> [YOUR TASK] Your task is to filter the data below down to the lines holding "Woven".

> [RECORDS]
Segment Open

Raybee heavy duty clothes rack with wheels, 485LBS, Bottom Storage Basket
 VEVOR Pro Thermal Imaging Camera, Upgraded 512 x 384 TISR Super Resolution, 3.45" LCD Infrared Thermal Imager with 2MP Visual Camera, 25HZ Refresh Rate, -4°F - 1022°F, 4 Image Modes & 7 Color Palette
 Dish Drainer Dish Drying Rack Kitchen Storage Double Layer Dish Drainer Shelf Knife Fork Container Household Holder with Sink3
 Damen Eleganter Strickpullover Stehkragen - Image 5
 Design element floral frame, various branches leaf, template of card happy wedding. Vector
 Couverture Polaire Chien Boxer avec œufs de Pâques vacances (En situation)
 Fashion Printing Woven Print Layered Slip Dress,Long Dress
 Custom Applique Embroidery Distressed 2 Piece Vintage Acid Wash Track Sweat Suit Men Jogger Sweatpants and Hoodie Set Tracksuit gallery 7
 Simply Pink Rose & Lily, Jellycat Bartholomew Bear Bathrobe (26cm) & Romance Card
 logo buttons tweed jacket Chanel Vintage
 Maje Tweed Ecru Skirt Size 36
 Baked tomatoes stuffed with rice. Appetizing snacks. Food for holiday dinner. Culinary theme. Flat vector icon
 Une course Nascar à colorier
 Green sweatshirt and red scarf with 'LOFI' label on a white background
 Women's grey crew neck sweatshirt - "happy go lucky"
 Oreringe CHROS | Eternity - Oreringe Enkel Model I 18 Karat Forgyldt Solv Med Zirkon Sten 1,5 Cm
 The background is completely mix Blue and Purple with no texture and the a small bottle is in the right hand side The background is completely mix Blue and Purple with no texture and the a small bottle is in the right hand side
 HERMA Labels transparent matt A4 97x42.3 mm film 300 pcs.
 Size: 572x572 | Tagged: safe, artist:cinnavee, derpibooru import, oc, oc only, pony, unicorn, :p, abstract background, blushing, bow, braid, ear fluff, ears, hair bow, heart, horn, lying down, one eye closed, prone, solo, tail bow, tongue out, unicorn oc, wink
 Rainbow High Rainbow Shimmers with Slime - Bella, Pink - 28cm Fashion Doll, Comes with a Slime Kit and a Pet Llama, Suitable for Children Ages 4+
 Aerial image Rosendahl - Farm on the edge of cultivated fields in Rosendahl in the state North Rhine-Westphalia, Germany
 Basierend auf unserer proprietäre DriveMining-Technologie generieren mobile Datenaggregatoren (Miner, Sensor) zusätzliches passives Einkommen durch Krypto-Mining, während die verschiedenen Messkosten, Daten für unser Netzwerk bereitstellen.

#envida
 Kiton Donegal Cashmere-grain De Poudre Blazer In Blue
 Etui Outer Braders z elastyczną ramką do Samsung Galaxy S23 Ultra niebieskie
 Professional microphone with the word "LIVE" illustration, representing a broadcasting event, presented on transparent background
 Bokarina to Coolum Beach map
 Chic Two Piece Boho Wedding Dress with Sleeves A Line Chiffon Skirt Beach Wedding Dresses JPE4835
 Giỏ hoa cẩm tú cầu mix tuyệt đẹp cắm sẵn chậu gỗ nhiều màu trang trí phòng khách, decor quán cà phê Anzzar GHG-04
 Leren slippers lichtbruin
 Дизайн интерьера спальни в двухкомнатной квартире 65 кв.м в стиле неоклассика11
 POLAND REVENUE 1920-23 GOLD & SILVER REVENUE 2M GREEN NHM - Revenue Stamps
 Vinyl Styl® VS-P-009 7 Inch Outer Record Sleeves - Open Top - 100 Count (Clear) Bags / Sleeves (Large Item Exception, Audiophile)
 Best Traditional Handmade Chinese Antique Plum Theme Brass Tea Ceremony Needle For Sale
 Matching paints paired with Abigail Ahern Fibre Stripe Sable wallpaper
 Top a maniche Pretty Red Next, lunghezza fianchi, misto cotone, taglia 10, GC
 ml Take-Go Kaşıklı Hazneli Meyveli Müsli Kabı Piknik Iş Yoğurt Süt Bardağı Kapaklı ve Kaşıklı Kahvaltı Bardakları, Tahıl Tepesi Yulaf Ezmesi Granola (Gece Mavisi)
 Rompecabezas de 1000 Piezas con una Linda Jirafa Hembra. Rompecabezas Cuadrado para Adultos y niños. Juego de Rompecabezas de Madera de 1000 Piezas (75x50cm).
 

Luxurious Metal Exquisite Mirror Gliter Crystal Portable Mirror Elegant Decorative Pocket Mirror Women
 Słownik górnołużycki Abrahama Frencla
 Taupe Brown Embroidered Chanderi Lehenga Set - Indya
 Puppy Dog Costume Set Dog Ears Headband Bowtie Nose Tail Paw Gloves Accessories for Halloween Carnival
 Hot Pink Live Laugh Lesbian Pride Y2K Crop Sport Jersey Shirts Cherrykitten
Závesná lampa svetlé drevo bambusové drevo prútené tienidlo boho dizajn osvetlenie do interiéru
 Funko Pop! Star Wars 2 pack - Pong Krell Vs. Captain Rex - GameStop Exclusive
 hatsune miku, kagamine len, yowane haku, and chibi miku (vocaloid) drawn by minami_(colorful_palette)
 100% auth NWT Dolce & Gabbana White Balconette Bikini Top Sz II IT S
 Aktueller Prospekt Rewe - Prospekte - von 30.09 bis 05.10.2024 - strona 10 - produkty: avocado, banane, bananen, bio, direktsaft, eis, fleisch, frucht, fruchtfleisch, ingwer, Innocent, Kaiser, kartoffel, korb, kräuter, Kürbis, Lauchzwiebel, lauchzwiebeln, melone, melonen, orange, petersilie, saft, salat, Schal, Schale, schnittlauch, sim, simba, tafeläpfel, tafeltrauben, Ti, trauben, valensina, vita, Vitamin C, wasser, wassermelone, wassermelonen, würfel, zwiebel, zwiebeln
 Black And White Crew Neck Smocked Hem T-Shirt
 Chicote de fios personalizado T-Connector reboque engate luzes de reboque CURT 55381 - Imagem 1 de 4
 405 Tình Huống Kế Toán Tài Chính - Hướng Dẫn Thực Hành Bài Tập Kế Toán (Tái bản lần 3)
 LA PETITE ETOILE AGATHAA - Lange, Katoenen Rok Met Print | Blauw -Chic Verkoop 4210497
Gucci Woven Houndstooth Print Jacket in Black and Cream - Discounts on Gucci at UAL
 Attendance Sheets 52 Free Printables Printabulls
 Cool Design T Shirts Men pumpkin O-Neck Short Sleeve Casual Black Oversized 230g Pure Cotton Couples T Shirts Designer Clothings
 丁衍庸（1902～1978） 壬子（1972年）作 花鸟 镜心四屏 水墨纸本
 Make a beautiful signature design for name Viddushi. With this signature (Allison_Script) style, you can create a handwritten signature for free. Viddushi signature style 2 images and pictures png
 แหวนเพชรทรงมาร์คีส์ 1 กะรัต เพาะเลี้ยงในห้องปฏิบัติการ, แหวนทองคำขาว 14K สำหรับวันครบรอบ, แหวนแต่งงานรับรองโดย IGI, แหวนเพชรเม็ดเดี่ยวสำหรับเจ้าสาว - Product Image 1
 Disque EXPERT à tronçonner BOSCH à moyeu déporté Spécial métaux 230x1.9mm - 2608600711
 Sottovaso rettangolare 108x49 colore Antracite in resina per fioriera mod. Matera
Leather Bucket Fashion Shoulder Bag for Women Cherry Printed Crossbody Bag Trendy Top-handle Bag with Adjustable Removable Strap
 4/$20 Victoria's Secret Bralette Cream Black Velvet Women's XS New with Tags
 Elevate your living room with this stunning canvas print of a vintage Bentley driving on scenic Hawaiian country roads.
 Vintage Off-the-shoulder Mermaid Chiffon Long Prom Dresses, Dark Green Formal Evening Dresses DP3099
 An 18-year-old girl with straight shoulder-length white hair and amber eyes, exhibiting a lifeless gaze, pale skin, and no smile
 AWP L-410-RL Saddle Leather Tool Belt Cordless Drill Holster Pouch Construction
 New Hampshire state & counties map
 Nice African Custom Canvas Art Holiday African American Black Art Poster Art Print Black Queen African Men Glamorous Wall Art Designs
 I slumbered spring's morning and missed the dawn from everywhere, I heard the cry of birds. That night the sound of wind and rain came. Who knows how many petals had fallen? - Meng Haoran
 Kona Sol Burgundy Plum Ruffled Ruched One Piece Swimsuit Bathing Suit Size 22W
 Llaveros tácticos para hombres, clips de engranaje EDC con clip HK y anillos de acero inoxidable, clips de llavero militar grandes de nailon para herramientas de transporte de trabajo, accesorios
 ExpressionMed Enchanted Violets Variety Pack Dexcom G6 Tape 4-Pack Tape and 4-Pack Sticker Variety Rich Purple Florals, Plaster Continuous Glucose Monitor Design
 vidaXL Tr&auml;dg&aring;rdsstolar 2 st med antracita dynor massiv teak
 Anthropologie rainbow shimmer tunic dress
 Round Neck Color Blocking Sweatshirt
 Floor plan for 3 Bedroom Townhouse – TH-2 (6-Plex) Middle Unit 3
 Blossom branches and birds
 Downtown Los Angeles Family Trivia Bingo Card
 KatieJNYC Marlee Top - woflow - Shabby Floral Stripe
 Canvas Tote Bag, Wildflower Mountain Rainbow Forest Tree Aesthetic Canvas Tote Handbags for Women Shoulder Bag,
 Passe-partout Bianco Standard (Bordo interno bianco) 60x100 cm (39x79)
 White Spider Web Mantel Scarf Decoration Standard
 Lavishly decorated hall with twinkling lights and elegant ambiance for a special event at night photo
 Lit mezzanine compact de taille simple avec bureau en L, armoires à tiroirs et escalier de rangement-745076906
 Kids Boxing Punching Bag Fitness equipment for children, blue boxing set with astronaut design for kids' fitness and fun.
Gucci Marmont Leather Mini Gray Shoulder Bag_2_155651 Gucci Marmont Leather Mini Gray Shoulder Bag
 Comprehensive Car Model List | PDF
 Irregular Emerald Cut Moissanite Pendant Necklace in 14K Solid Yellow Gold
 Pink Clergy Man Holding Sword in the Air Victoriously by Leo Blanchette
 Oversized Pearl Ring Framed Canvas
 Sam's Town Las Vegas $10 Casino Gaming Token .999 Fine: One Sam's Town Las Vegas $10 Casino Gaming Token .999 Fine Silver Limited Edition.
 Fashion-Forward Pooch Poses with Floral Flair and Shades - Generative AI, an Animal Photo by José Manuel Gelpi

Segment Closed

> [RESPONSE AREA]
 Fashion Printing Woven Print Layered Slip Dress,Long Dress
Gucci Woven Houndstooth Print Jacket in Black and Cream - Discounts on Gucci at UAL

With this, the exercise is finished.